The ‘948 patent relates to a “touch event model” for processing touch events in a multi-touch enabled device (such as a mobile phone or tablet), i.e. a device that can interpret touches made at two or more points on the device’s screen – for example, “pinch” and “de-pinch” gestures used for zooming. Touch events are received by the operating system (OS) of a device and passed to software applications for processing. The patent specification explains that software applications need to process and act upon touch events that are passed to them by the OS, but that writing an application to deal with multiple touch events involves additional complexity. So, there is an additional programming overhead for applications that do not need to make use of multi-touch capabilities, and for legacy applications.

The patent’s solution is to provide two flags on a per-view basis. The first flag is a “multi-touch flag” that indicates whether a particular view is allowed to receive multiple simultaneous touches. The second is an “exclusive touch flag” that indicates whether a particular view allows other views to receive touches while the flagged view is receiving a touch. In combination, these flags mean that a muti-touch enabled device can run software elements that are relatively simple and that are programmed to handle only a single touch event at a time, but can also execute more complex elements that use the multi-touch functionality.

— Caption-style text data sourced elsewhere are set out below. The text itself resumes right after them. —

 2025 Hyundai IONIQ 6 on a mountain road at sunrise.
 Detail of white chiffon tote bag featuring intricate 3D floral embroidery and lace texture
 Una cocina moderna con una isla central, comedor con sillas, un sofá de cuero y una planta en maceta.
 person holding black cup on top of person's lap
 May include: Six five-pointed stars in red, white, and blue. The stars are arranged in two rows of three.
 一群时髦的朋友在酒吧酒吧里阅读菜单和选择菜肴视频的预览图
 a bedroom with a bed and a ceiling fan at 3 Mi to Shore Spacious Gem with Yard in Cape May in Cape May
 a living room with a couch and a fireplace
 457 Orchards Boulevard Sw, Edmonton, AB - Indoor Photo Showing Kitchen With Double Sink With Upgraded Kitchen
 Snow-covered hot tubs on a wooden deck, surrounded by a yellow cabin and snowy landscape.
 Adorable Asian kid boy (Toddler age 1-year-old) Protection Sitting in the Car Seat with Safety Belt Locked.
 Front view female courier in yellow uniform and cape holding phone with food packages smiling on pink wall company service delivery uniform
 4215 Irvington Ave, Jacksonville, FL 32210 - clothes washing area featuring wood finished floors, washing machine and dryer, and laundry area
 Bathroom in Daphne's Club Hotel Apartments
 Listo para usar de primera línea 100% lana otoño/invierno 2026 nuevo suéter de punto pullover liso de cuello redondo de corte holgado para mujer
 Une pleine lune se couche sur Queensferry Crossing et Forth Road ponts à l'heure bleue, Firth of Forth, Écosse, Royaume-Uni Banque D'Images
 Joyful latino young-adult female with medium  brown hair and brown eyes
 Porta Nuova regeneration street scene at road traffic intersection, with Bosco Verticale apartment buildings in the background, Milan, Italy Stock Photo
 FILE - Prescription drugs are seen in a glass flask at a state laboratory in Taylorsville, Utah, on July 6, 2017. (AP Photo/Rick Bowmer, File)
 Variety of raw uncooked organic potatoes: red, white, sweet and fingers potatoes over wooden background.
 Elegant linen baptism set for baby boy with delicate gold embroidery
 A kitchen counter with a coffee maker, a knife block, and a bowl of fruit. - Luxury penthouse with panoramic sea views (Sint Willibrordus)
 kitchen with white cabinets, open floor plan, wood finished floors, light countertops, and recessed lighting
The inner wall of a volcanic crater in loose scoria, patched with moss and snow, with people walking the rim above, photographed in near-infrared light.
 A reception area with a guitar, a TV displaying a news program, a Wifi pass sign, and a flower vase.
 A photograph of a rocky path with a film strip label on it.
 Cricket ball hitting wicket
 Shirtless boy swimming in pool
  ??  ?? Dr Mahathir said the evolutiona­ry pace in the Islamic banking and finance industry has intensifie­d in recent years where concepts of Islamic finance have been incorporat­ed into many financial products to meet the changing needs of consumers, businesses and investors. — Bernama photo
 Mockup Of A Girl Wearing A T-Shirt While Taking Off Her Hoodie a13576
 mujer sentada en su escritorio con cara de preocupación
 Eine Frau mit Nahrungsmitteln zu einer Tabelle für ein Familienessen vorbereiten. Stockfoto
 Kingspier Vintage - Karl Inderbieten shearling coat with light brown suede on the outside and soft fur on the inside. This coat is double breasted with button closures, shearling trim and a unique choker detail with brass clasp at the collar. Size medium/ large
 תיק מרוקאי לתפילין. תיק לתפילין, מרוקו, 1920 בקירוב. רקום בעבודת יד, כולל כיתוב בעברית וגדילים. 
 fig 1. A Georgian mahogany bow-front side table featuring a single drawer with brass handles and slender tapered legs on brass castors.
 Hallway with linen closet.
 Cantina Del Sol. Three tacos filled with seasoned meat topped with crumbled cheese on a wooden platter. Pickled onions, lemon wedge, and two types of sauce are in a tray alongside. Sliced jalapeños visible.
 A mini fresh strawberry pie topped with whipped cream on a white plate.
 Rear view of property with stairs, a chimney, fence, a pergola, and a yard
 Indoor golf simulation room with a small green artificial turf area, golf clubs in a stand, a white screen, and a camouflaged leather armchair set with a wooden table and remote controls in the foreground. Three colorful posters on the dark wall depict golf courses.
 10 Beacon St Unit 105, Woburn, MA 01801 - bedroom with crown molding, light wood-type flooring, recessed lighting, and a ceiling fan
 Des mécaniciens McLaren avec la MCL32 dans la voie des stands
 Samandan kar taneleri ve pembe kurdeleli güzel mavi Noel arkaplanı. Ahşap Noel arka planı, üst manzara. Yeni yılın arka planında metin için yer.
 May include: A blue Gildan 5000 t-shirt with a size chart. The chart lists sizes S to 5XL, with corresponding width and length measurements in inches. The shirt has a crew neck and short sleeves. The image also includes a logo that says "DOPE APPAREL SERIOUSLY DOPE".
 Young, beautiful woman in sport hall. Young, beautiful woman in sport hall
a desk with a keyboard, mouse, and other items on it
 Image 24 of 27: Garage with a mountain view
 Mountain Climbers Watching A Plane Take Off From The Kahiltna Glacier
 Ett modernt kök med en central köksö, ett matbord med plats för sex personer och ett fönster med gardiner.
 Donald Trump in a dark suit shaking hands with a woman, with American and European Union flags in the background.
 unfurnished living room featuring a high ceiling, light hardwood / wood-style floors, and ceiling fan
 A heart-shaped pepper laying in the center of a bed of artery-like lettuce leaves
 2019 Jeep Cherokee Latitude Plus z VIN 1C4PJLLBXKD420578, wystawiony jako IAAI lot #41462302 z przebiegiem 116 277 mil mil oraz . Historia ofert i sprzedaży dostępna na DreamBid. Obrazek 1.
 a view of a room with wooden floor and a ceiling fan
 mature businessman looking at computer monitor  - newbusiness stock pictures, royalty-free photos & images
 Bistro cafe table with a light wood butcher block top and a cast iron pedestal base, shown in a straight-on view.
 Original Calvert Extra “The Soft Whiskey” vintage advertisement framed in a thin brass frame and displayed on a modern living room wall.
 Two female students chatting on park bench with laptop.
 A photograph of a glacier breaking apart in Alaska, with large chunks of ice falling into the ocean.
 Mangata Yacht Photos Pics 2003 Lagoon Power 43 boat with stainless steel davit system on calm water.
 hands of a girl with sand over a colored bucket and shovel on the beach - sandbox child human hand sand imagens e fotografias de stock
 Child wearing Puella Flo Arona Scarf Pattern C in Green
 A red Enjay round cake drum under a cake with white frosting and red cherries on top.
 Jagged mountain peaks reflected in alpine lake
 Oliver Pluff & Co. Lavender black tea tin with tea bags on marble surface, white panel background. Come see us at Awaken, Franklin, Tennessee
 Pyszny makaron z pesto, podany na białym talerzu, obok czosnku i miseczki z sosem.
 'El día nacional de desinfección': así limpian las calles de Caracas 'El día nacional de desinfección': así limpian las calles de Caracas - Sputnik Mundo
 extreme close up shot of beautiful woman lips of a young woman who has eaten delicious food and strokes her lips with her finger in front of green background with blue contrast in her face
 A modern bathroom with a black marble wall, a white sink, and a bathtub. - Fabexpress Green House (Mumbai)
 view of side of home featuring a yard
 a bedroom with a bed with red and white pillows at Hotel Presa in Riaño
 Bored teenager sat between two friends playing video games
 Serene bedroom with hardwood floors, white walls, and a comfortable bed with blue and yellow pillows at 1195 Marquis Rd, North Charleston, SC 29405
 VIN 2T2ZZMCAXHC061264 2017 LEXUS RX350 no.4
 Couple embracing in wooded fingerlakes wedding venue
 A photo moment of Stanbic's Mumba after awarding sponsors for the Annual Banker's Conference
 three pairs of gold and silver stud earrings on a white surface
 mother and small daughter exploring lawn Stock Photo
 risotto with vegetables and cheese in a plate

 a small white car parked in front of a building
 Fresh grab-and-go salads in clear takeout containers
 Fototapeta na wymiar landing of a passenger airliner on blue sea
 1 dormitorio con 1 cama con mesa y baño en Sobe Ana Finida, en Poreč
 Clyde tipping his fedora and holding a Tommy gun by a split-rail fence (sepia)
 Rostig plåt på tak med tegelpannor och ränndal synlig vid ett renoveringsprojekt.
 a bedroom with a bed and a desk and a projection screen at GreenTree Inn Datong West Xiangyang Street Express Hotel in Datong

Now, it is well established in the UK that “programs for computers … as such” are not regarded as inventions for which patents can be granted; but that patents may be granted for an invention where it makes a technical contribution to the known art. That contribution means that the invention is not a program “as such” and a patent can be granted on the basis of that contribution, provided of course that the contribution goes on to be proven as new and inventive.

In the original case, “the judge came to the conclusion that the invention was not patentable because it related to a computer program as such. He held … that one aspect of the contribution lay in the software that processed multi-touch inputs and this was plainly excluded subject matter; and the other aspect of the contribution was the advantage that it made it easier to write software for multi-touch devices, and this too lay wholly within excluded subject matter” (see paragraph 54 of the judgement).

However, the judgement in this appeal disagrees, stating “The problem which the patent addresses, namely how to deal with multiple simultaneous touches on one of the new multi-touch devices, is essentially technical” (see paragraph 56 of the judgement).

This is elaborated at paragraph 57: “Now it is fair to say that this solution is embodied in software but, as I have explained, an invention which is patentable in accordance with conventional patentable criteria does not become unpatentable because a computer program is used to implement it. I believe the judge took his eye off the ball in focussing on the fact that the invention was implemented in software and in so doing failed to look at the issue before him as a matter of substance not form. Had he done so he would have found that the problem and its solution are essentially technical in nature and so not excluded from patentability.”

So, the key point here is that the question of whether an invention should be excluded from patentability as relating to a program for a computer as such should be decided on the basis of the substance of the contribution that is made, rather than focussing only on its form.

In its reasoning, the judgement also emphasises that it is relevant to ask what the invention contributes “as a matter of practical reality over and above the fact that it relates to a program for a computer”. The distinction between whether the invention happens to be improvements made to software programmed into a computer or hardware forming part of a computer should not in itself be the decisive factor in determining whether the exclusion should apply.

In my view, this decision does not represent a radical departure from previous practice, but instead provides some helpful guidance on where the boundaries should lie. I am optimistic that this may lead to a more consistent approach from the UKIPO when they carry out examination of patent applications.

This may result in more software patents being granted by the UKIPO, but only in the context of a more consistent and logical approach being taken. I don’t see this decision as “opening the floodgates” to dubious quality software patents. The requirement for a technical contribution will continue to represent a meaningful restriction on the types of inventions that can be patented in the UK, and decisions that clarify the law without having a deleterious effect should be welcomed.